War nix mit dem Weltuntergang. Im Kino aber kommt die nächste Katastrophe bestimmt.

Soll es doch kommen, das Ende. Wir warten geduldig. (Bild: © Pathé Films)

War nix mit dem Weltuntergang. Im Kino aber kommt die nächste Katastrophe bestimmt.

Nun werden wir wohl oder übel weitermachen müssen. Eigentlich war es ja abzusehen: All die Weltuntergangs-Partys haben nichts gebracht. Der Weltentod konnte nicht herbeigeredet werden. Zwar gabs ein Ende (des Herbstes) und auch einen Neuanfang (des Winters). Aber der grosse Tod, der Sinn aller Endlichkeit, kommt weiterhin unvorhergesehen.

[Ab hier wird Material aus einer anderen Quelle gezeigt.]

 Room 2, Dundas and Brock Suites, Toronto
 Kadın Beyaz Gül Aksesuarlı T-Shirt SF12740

Wer die Welt untergehen sehen will, muss ins Kino gehen. Dort werden wir von Katastrophen nicht verschont werden: Schwarzenegger bereitet «Rollator 4» vor. «Twilight» wird die Girlies weiterhin auf das Liebesleben unter Untoten einschwören. Nur James Bond wird diesmal scheitern, an einem tödlichen Witz: Die Monty Pythons haben ihn schon vor Jahren angekündigt. Er wird die Prophezeiungen der Mayas in schwarze Schatten stellen. Ein Bösewicht, der Berlusconi verteufelt ähnlich sieht, will diesen Witz weltweit erzählen. Klar, dass Bond die Welt davor bewahren will: Bei dessen Pointe wird sich die Menschheit nämlich unweigerlich und auf der Stelle ausnahmslos endgültig definitiv unaufschiebbar totlachen!

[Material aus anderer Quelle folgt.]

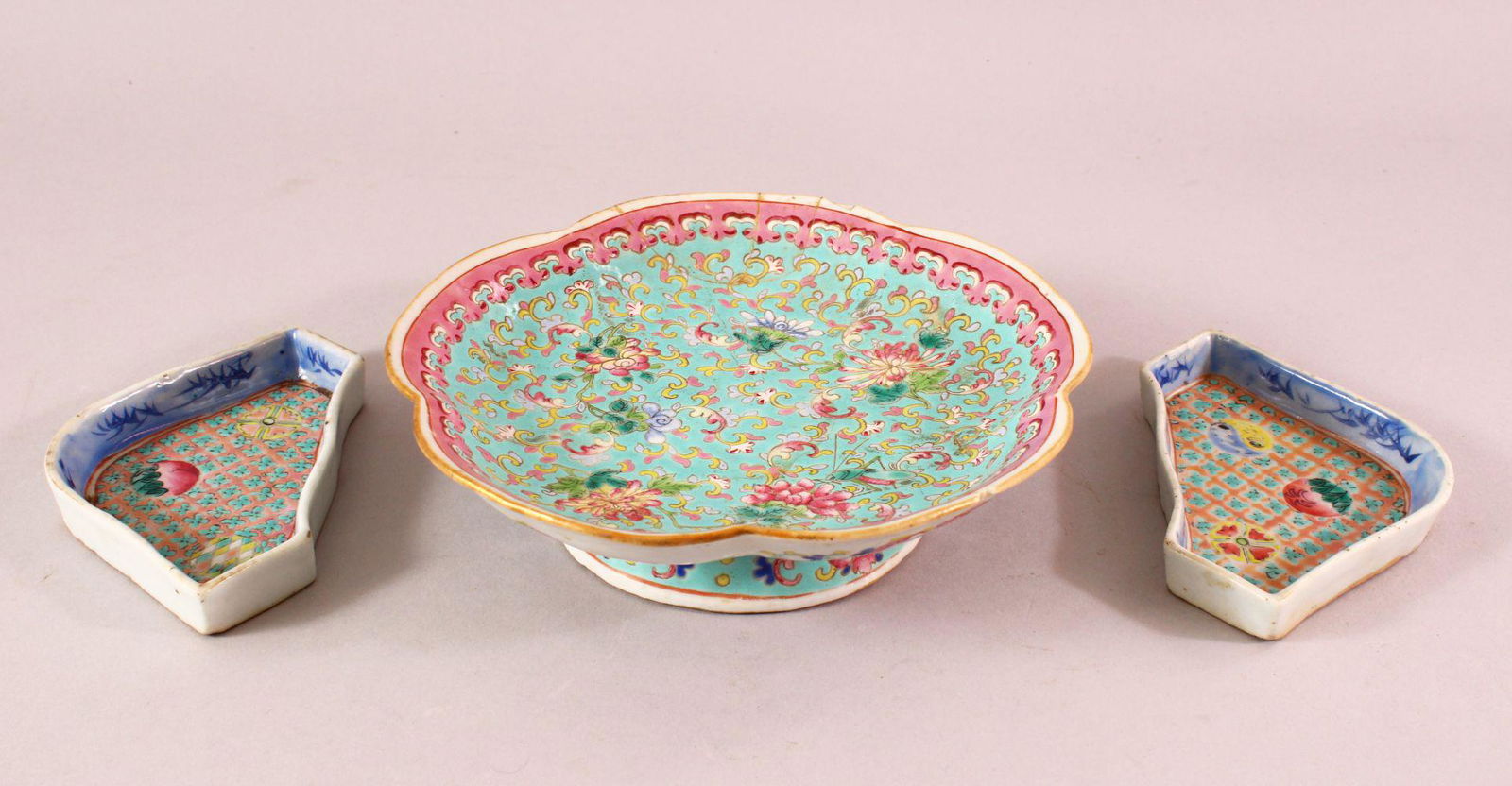 THREE CHINESE FAMILLE ROSE PORCELAIN ITEMS, comprising (1 of 4)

Erst einmal steht aber ein anderes Ende (das des Jahres) bevor. Wir sollten uns also moralisch aufrüsten. Bei «Great Expectations» von Charles Dickens können wir uns die Frage stellen, ob ein Mensch mit Vernunft nur durch einen Raub zu viel Geld kommen könne und, umgekehrt, ob viel Geld einem Menschen dann nicht auch rasch die Vernunft rauben würde? Dickens’ Geschichten sind besonders zu Weihnachten beliebt, weil wir uns dann gern daran erinnern, dass wir vor Gott alle gleich sind oder besser wären, wären da nicht die leidigen Besitztümer (und eventuell kein Gott).

Derart moralisch gewappnet, können wir geruhsam dem nächsten Ende entgegensehen. Die nächsten Abschlusspartys sind zu Silvester angesagt. Um Mitternacht ist dann endgültig Schluss. Wir treffen uns dann wohl später alle im Stadtkino. Da zeigen sie im Januar noch einmal die herrlichsten Weltuntergänge.